Pisząc te słowa, słyszę głos poganina o imieniu Tanizaki, który całkiem darmo przychodzi pomagać nam w pracy administracyjnej "Rycerza". Studiuje już katolicką religię,w swoim domu ma statuę Niepokalanej i modli się przed nią. Prosił nas, byśmy również jego syna pouczyli o katolickiej religii. Ten syn obecnie kończy gimnazjum.

Więcej, w drukarni także za darmo, dla miłości Niepokalanej, pracuje młodzieniec Amaki, który jeszcze jako poganin zaczął do nas przychodzić, aby pomagać, a Niepokalana przycisnęła go do swego niepokalanego serca i on, nie zważając na przeszkody stawiane przez krewnych, został katolikiem i jest już ochrzczony.

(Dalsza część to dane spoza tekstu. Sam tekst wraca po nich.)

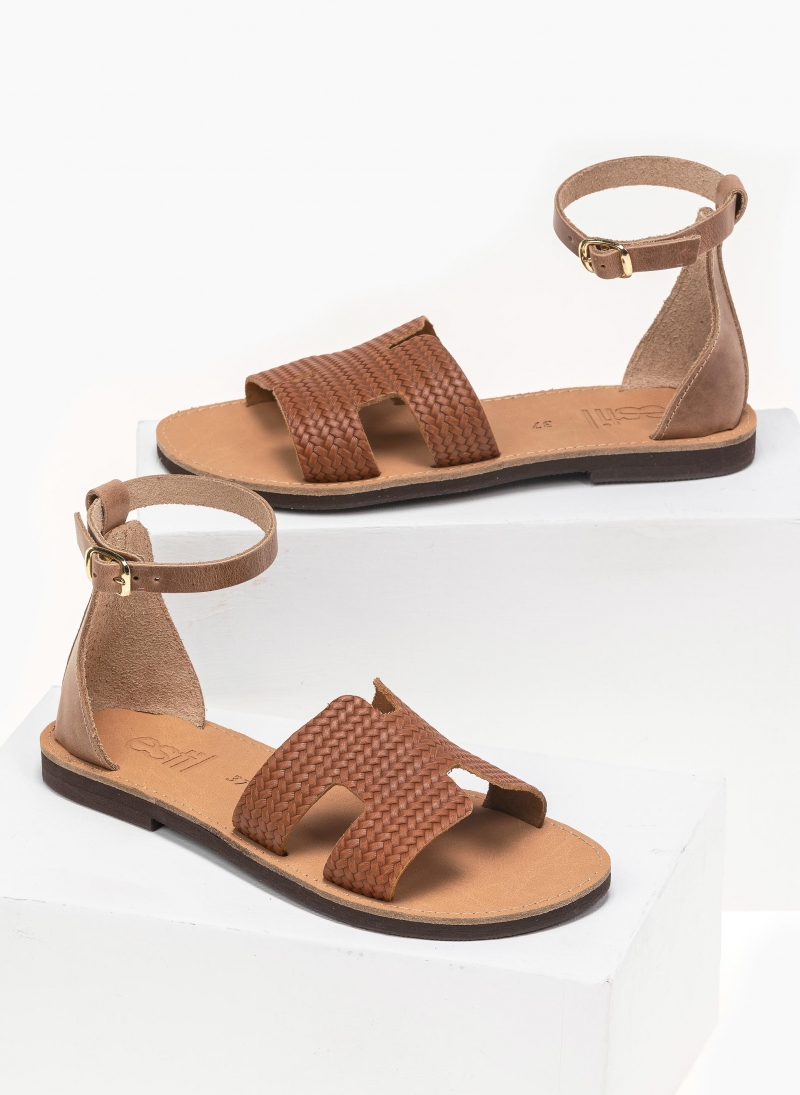 Σανδάλια ankle strap με ανάγλυφο σχέδιο estil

W nowym domu, który obecnie wznosimy, pracuje [jeszcze] inny mężczyzna o imieniu Yoshida, który również jako poganin zaczął nam za darmo pomagać, a teraz Niepokalana uczyniła go katolikiem.

Z zewnątrz przychodzą do nas liczne pocieszające listy od pogan, którzy już czują, że Niepokalana pociągnęła ku sobie ich serca.

W grudniu, jako miesiącu Niepokalanej, chcemy zrobić trochę propagandy, dlatego [na ten miesiąc] drukujemy 50 000 egzemplarzy "Kishi", czyli "Rycerza". Jaki będzie tego rezultat, nie wiemy, ale tym niech się zajmie Niepokalana. Niech Ona czyni, jak chce. Módlcie się, drodzy Czytelnicy, oraz wy wszyscy, którzy kochacie Niepokalaną i biedne pogańskie dusze, aby Ona przez swego pokornego "Rycerza" raczyła wiele, wiele serc, a raczej wszystkie pociągnąć do Najświętszego Serca Jej Boskiego Syna Jezusa. Jest tu bardzo wiele dusz, które nic zgoła jeszcze nie wiedzą, kim są Jezus i Maryja. Kilka dni temu pytałem pewnego człowieka, który do nas przyszedł, czy wie, kim są Jezus i Maryja? Odpowiedział: "kikimasen deshita", to jest: "nie pojąłem, nie słyszałem".